Machinations sénatoriales

Réforme du Sénat (Canada)


Tel qu'attendu, le premier ministre Stephen Harper a mis de l'avant la nomination de 18 sénateurs, hier. Il s'agit d'une cuvée inégalée dans l'histoire canadienne, mais les 18 vacances en même temps l'étaient probablement aussi. De façon générale, les premiers ministres ne tardaient pas à combler un poste au Sénat, une «récompense» qu'ils destinaient à des amis du régime.
Cette vision du Sénat comme d'un outil au profit des partis au pouvoir a justement mené au profond cynisme que les Canadiens portent depuis des décennies à l'endroit du Sénat, qui avait pourtant été conçu, dans les travaux préparatifs à la création de la fédération canadienne, dans les mois qui ont précédé le 1er juillet 1867, comme un contrepoids au pouvoir de la Chambre des communes et à celui des provinces.
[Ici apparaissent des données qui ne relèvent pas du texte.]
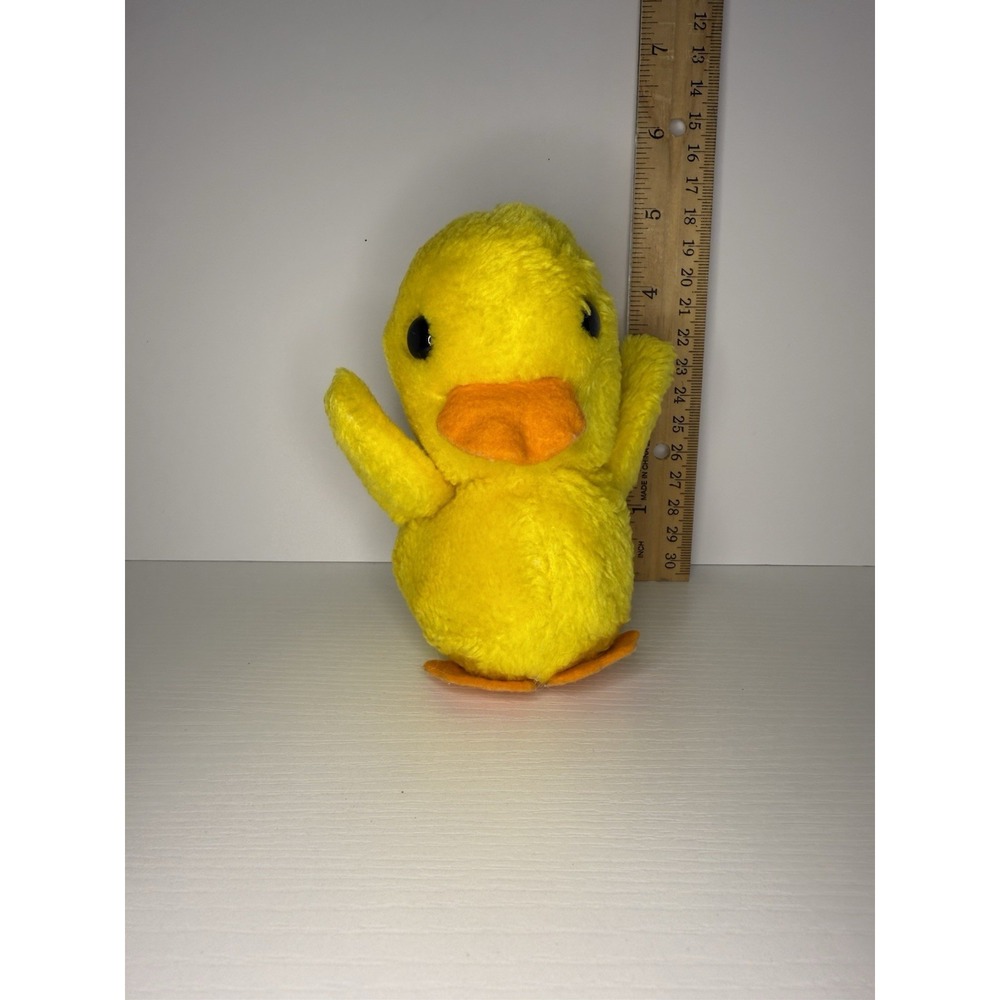 Vintage 1978 Dakin 6" Yellow Baby Duckling Plush‎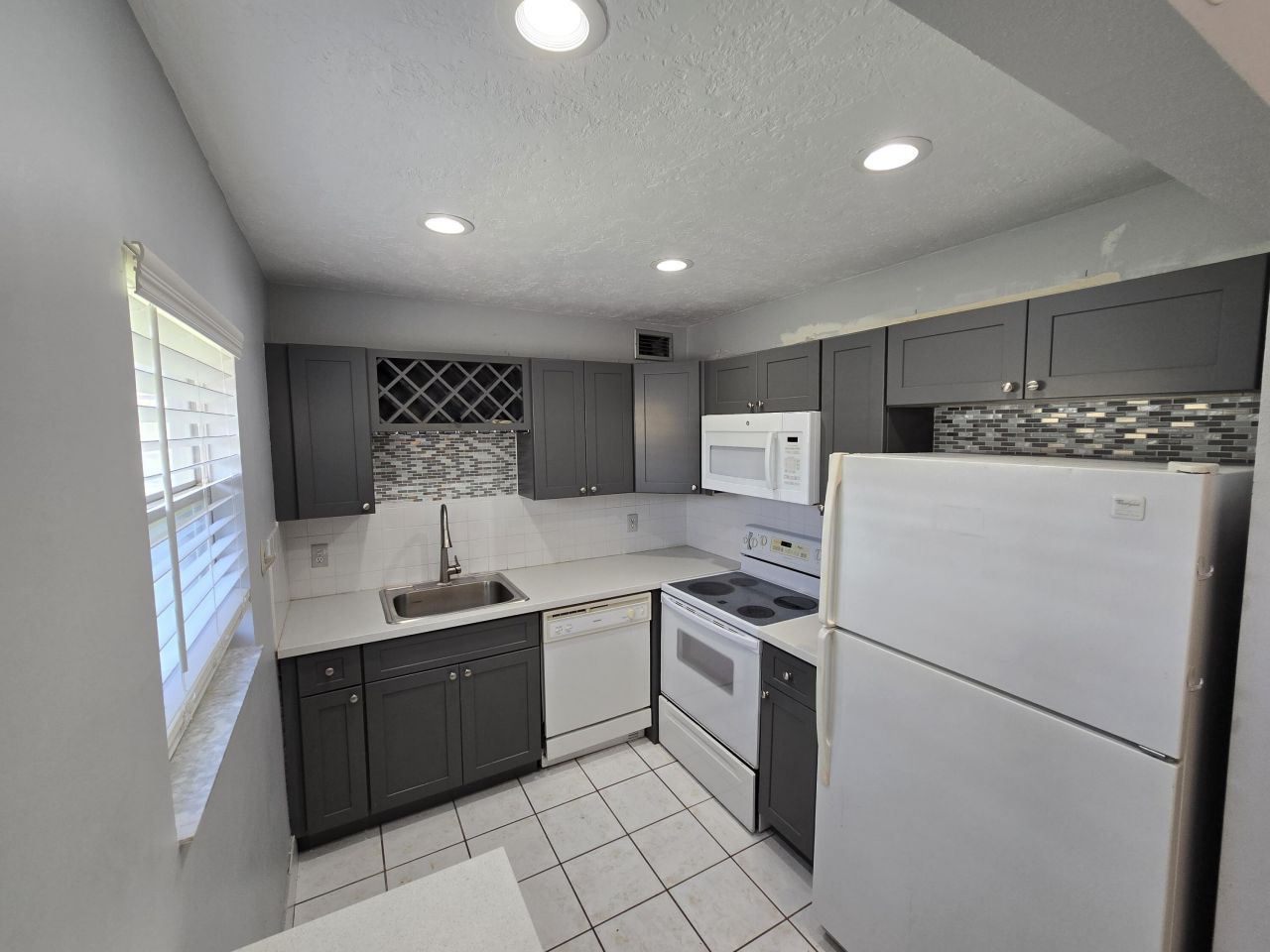 89 Saxony B, Unit B, Delray Beach, FL 33446 Photo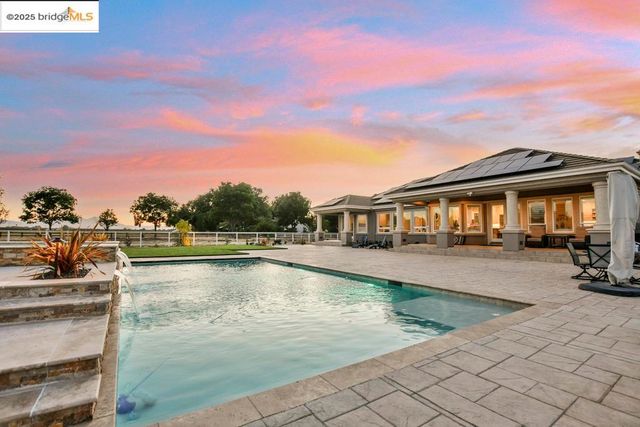 430 Ellisa Ln, Brentwood, CA 94513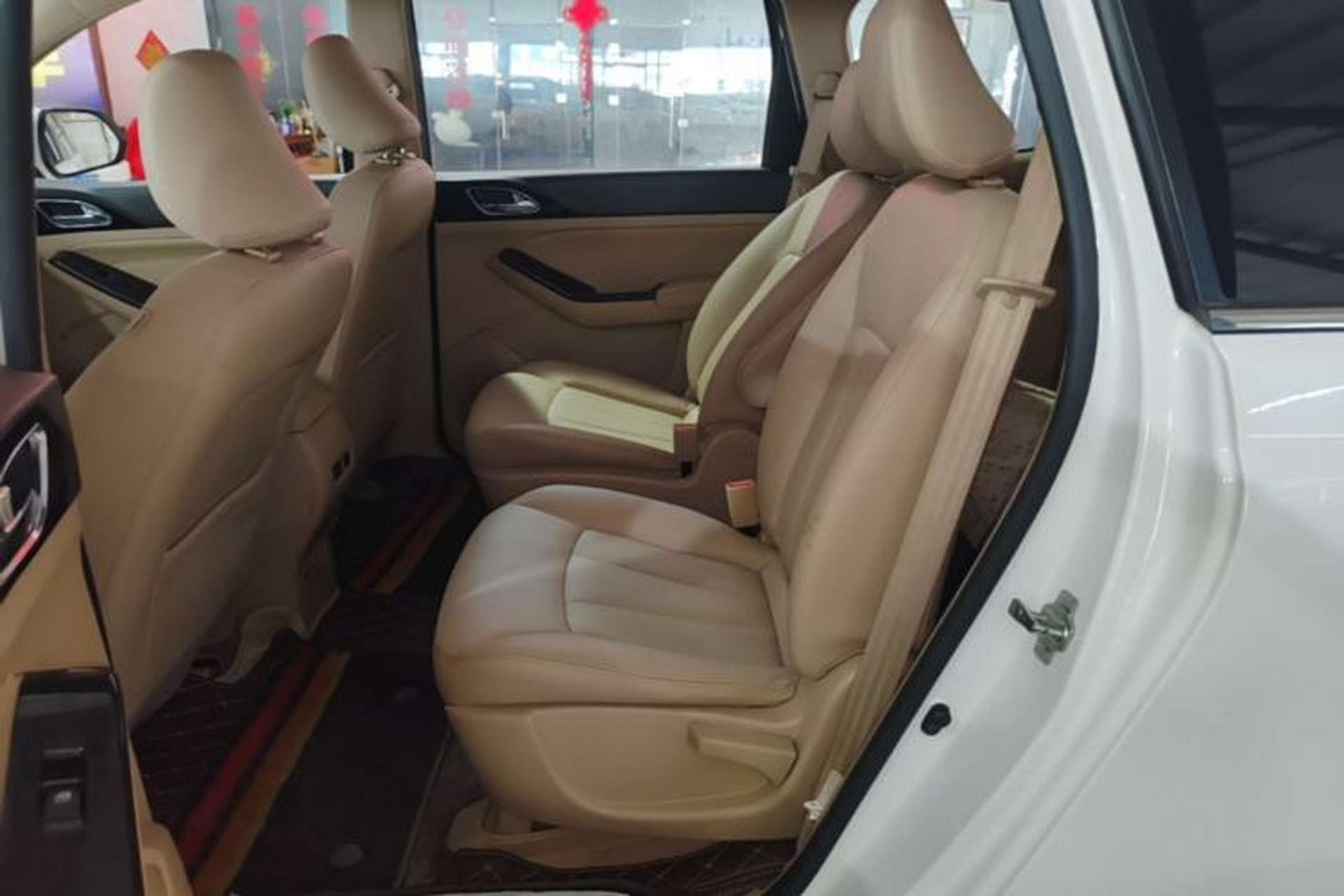 Used Baojun 730 2014 1.5L manual Comfort ESP version 7 seats Left Rear Seat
De cynisme en cynisme, le Sénat a progressivement été raillé et dénaturé au point où ils sont nombreux les appels à sa réforme profonde, ou même à son abolition pure et simple. Le premier ministre Stephen Harper est de ce groupe, à l'image du Reform Party des années 1990 dont il est issu, et dont le Parti conservateur a adopté cet élément du programme réformiste.
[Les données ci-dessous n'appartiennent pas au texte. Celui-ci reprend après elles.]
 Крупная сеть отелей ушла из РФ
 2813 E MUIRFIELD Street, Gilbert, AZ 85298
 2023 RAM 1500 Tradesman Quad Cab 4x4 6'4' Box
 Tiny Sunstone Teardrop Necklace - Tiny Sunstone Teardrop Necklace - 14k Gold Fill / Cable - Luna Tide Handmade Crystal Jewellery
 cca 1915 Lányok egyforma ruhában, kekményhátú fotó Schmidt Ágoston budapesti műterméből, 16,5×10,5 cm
C'est pourquoi des représentants de l'Opposition ont eu en M. Harper une cible facile, hier, dans les heures qui ont suivi la nomination de 18 personnes au Sénat. Pour un homme qui voulait réformer le Sénat, M. Harper s'en est servi comme tous les politiciens avant lui à des fins partisanes. Il a nommé une poignée d'amis du régime conservateur comme Irving Gerstein, le président du Fonds conservateur du Canada, Stephen Greene, l'ancien chef de cabinet du réformiste Preston Manning, le vice-président du Parti conservateur Michael MacDonald, et d'anciens députés ou candidats conservateurs tels Suzanne Duplessis, Fabian Manning, Yonah Martin, Percy Mockler et Richard Neufeld.
Dans le lot, il a récompensé aussi de grands Canadiens comme l'ex-skieuse olympique Nancy Greene, et les ex-journalistes Mike Duffy et Pamela Wallin. Il a aussi surpris en nommant l'autochtone Patrick Brazeau, un Algonquin de la réserve Kitigan Zibi, en Haute-Gatineau.
Grosso modo, M. Harper n'a ici fait ni mieux ni pire que ses récents prédécesseurs libéraux dont il critiquait les nominations.
Il sera intéressant d'évaluer si la base conservatrice reprochera ces faits à M. Harper, ou si elle sera d'accord avec ses arguments à l'effet que la perspective de perdre le pouvoir en janvier lui laissait peu de choix de ne pas utiliser les méthodes de ses adversaires. Il est vrai que la coalition libérale-néo-démocrate-bloquiste n'avait pas perdu une seconde en laissant entendre que si elle devait prendre le pouvoir le mois prochain, elle n'allait pas hésiter à combler les postes vacants au Sénat.
Il ne faut par ailleurs pas perdre de vue que l'un des postes de sénateur représentant l'Ontario qui a été comblé hier avait appartenu jusqu'en 2004 au Franco-Ontarien Jean-Robert Gauthier. La communauté francophone minoritaire avait perdu une voix forte à ce moment-là et on en était presque venu à se convaincre que le siège reviendrait d'office à un autre Franco-Ontarien. Il est dommage que M. Harper n'ait pas continué dans ce sens.
Les Franco-Ontariens ne comptent plus que sur la sénatrice Marie Poulin, du nord de l'Ontario, pour être leur voix minoritaire au Sénat, un rôle qu'elle n'a certes pas joué avec la même fougue que M. Gauthier. (Avec justice, d'autres membres issus des communautés minoritaires francophones sont au Sénat, comme Claudette Tardif, de l'Alberta, et le Néo-Brunswickois Mockler.)
Stephen Harper a joué la carte de la politique-réalité avec son enveloppe de nominations. Les 18 auraient accepté d'endosser ses idées d'un Sénat élu, égal et efficace. Cela ne changera cependant pas le fond de l'affaire : ce n'est ni l'affaire seule de M. Harper, ni des seuls sénateurs, de réformer le Sénat, mais bien à tous les partenaires du «contrat» confédératif canadien, les provinces. Tant que le premier ministre s'obstinera à ne pas dégager une majorité d'appuis dans le camp des provinces, ses machinations sur le Sénat seront mort-nées.